In November 2023, the Financial Accounting Standards Board (“FASB”) issued ASU No. 2023-07, Segment Reporting (Topic 280): Improvements to Reportable Segment Disclosures, which improves reportable segment disclosure requirements, primarily through enhanced disclosures about significant segment expenses. The amendments in this update enhance annual and interim disclosure requirements, determine significant segment expense, clarify circumstances in which an entity can disclose multiple segment measures of profit or loss, provide new segment disclosure requirements for entities with a single reportable segment, and contain other disclosure requirements. This update is effective for annual periods beginning after December 15, 2023 and interim periods within fiscal years beginning after December 15, 2024. The adoption of this standard did not have a material effect on the Company's consolidated financial statements, other than the newly required disclosures. See Note 16 – Segment Information for significant expense categories and amounts for each reportable segment that are reviewed by the CODM.
Recently Issued Accounting Standards Not Yet Adopted
In March 2024, FASB issued ASU No. 2024-01, Compensation- Stock Compensation (Topic 718): Scope Application of Profits Interest and Similar Awards. ASU 2024-01 provides an illustrative example that includes four fact patterns to demonstrate how an entity should apply the scope guidance in paragraph 718-10-15-3 to determine whether a profits interest award should be accounted for in accordance with Topic 718. ASU 2024-01 is effective for public business entities for fiscal years beginning after December 15, 2024 and December 15, 2025 for all other entities. As the Company has elected to use the extended transition period for complying with new or revised accounting standards, this update does not become effective for the Company until fiscal years beginning after December 31,2025. As such, the Company is currently evaluating the impact of ASU 2024-01 on its consolidated financial statements and related disclosures.

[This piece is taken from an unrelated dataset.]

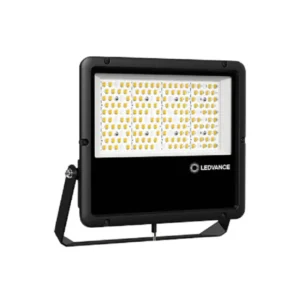 REFLECTOR LED 150W LEDVANCE 5700K 21000LM NEGRO FLOODLIGHT PFM IP66 100-277V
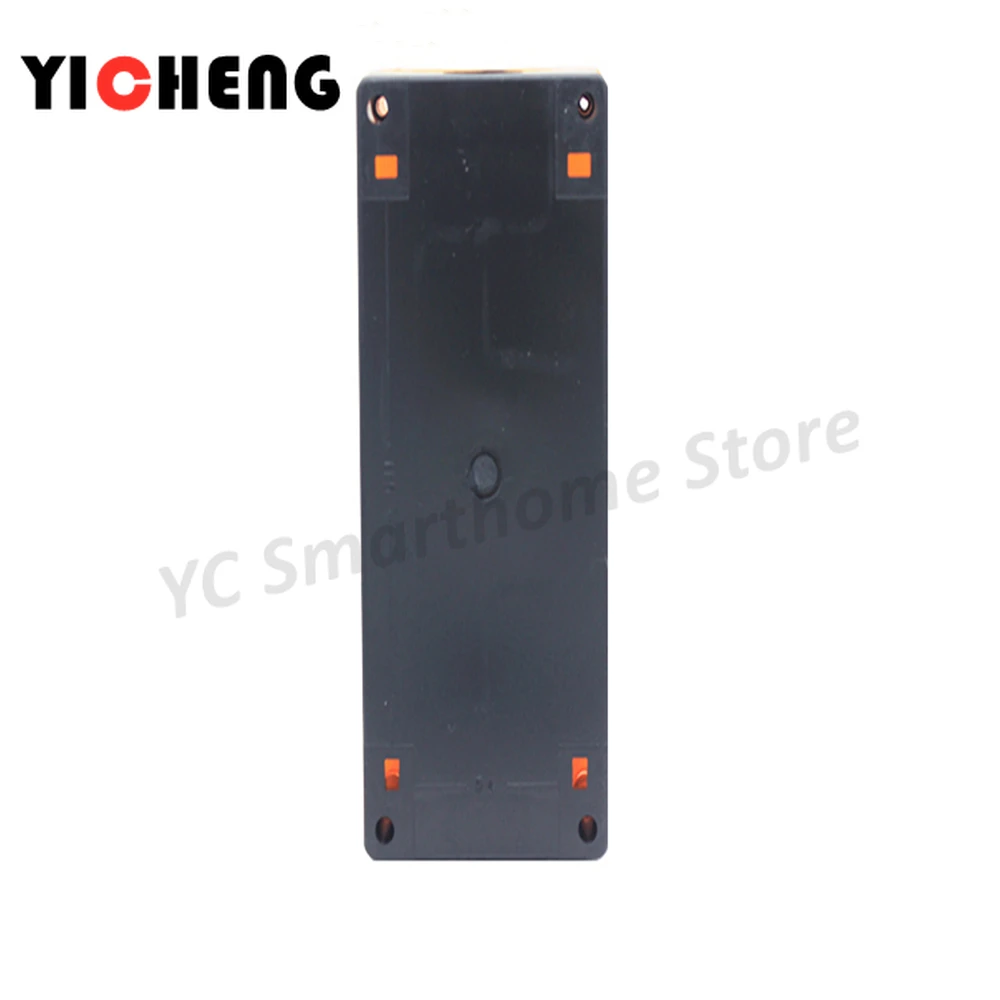 1 pçs quatro furos/cinco furos/seis furos à prova dwaterproof água botão caixa interruptor caixa de controle gaveta/montagem buraco 22mm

In November 2024, the FASB issued ASU 2024-03, Income Statement – Reporting Comprehensive Income-Expense Disaggregation Disclosures (Subtopic 220-40): Disaggregation of Income Statement Expenses. ASU 2024-03 requires companies to disclose, in the notes to the financial statements, specific information about certain costs and expenses at each interim and annual reporting period. This includes disclosing amounts related to employee compensation, depreciation, and intangible asset amortization. In addition, companies will need to provide qualitative description of the amounts remaining in relevant expense captions that are not separately disaggregated quantitatively. ASU 2024-03 is effective for public business entities for annual reporting periods beginning after December 15, 2026, and interim reporting periods beginning after December 15, 2027. Implementation of ASU 2024-03 may be applied prospectively or retrospectively. The Company does not expect the adoption of ASU 2024-03 to have a material impact on its consolidated financial statements.
In September 2025, the FASB issued ASU 2025-06, Intangibles - Goodwill and Other - Internal-Use Software. The targeted improvements in this update aim to better align current software development processes when considering capitalization of internal-use software costs. ASU 2025-06 is effective for public business entities for fiscal years beginning after December 15, 2027 and interim periods within those annual periods. Early adoption is permitted. The Company is evaluating the impact of this standard on its consolidated financial statements.
About New Standards Disclosures
New accounting standards disclosures describe recently adopted pronouncements and those not yet effective, along with management's assessment of their expected impact. This section provides an early warning system for upcoming changes to how a company reports its financial results, often years before the new rules take effect.
Key signals: when management describes a not-yet-adopted standard's impact as "material" or "still being evaluated," it signals potential significant changes to reported metrics upon adoption. Watch for standards that affect a company's core operations — for example, revenue recognition changes for software companies or lease accounting changes for retailers with large store footprints. The transition method chosen (full retrospective versus modified retrospective) affects comparability with prior periods. Companies that delay adoption to the latest permitted date may be struggling with implementation complexity. Compare the disclosed impact assessments against peers in the same industry to gauge whether management's expectations are reasonable.